* [ABOUT THIS TASK]: This task calls for copying every line of the records that includes the word "background".

Scraped caption text data:
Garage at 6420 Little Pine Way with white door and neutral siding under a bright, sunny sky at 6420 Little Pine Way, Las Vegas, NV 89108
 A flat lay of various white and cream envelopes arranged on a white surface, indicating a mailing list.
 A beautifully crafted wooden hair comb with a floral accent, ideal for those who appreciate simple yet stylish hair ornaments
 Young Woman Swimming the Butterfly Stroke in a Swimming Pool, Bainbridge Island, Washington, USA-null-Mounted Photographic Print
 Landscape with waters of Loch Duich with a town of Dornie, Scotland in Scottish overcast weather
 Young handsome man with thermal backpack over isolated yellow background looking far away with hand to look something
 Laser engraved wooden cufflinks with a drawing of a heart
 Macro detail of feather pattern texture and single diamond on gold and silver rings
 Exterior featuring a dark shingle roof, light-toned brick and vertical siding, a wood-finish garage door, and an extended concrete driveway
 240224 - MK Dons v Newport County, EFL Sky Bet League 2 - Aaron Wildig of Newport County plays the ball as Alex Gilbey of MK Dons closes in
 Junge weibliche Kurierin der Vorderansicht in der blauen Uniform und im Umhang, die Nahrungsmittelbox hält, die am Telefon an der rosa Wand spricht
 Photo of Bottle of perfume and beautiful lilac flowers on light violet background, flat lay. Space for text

* [ANSWER FOR THE TASK]:
 Young handsome man with thermal backpack over isolated yellow background looking far away with hand to look something
 Photo of Bottle of perfume and beautiful lilac flowers on light violet background, flat lay. Space for text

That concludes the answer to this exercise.